In semi-technical terms: The EU “is more than just a confederation of countries, but is not a federal state,” whereas the US is composed of member states that are overseen by a federal government.2 In plain language: countries like Germany, Spain, and Portugal play largely by their own rules and are only bound together by the Euro, whereas states such as Alaska, South Carolina, and Hawaii, although very different in almost every way possible and eager to set off in their own direction, are all squeezed back into the mold of the general US will by a strong federal government. Sure, they might leak a little at the edges with respect to marijuana legalization, gun rights, and gay marriage, among other topical issues, but at the end of the day they are all tethered to the Federal government.
Effectively, this means that the EU functions like a club of adults that can meet and engage without much supervision, whereas the US is more of a family of juvenile delinquents that needs the supervision of a parental entity. The social bonds of the member countries of the EU are almost purely economic whereas the social bonds of the member states of the US are more of a mixture of economics, Constitution-steeped ideology, mild contempt for one another, and collective angst against the Federal government – a powerful glue to be sure.
In short, the EU is only a monetary union, whereas the US is both a monetary and “political” union.
Let’s return to Varoufakis’ argument.
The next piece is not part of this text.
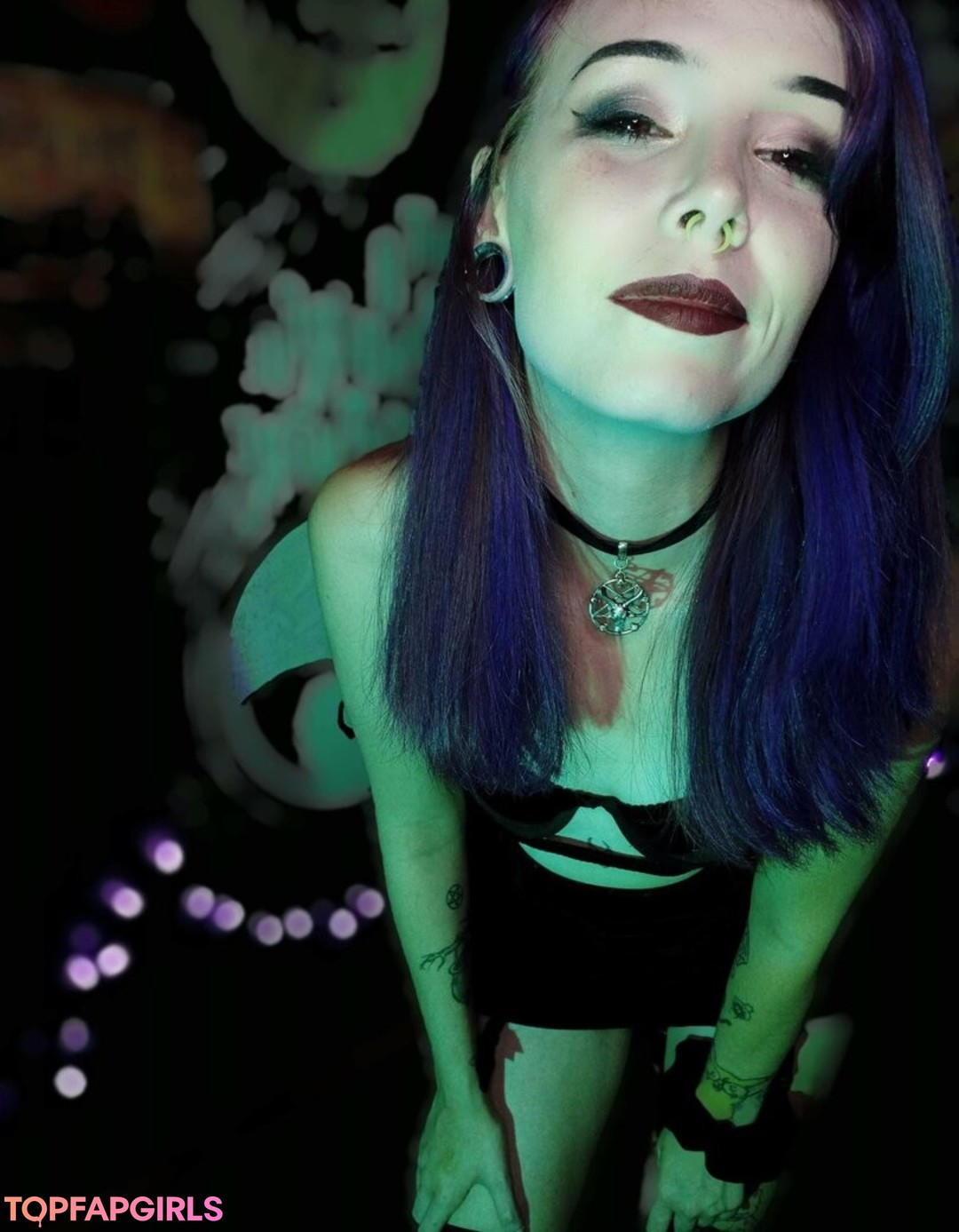 Foto desnuda filtrada de OnlyFans de Modernmorticia #65 Foto desnuda filtrada de OnlyFans de Modernmorticia #65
He states that the Greek economic crisis would not have occurred if the EU had a Federal government akin to the current US Federal government to regulate the actions of its member countries.
Here is why I disagree: the United States at the height of the economic crisis in September 2008 is equivalent to Greece at the height of its economic crisis in April 2010, when it lost access to capital markets.
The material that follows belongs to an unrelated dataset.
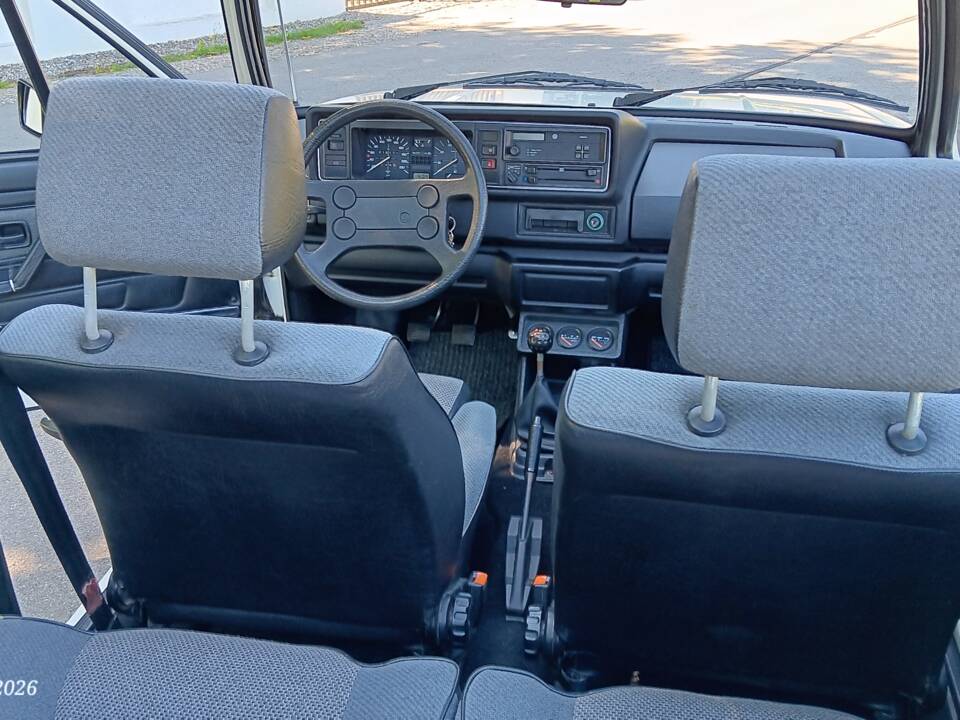 Bild 38/55 von Volkswagen Golf I Cabrio 1.8 (1985)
Private creditors in the United States watched the sub-prime mortgage (debt) market explode, as they knew it would because they had created the crisis with the help of the credit rating agencies,3 investment banks,4 and truly awful federal oversight.5 They were subsequently bailed out by the US Federal Government with US taxpayer money6 when the troubled banks should have defaulted.7
Private creditors in Greece watched the government bond (debt) market explode, as they knew it would because they had created the crisis with the help of credit rating agencies,8 investment banks,9 and truly awful federal oversight.10 They were subsequently bailed out by the EU, IMF, and EFSF with EU taxpayer money11 when the government should have defaulted.12
The key takeaway that refutes Varoufakis’ argument: the Federal government in the United States did not even come close to preventing the economic crisis; therefore, if the EU had been set up with a similar type of Federal government system, there is no reason to believe that it would have succeeded where the US government failed.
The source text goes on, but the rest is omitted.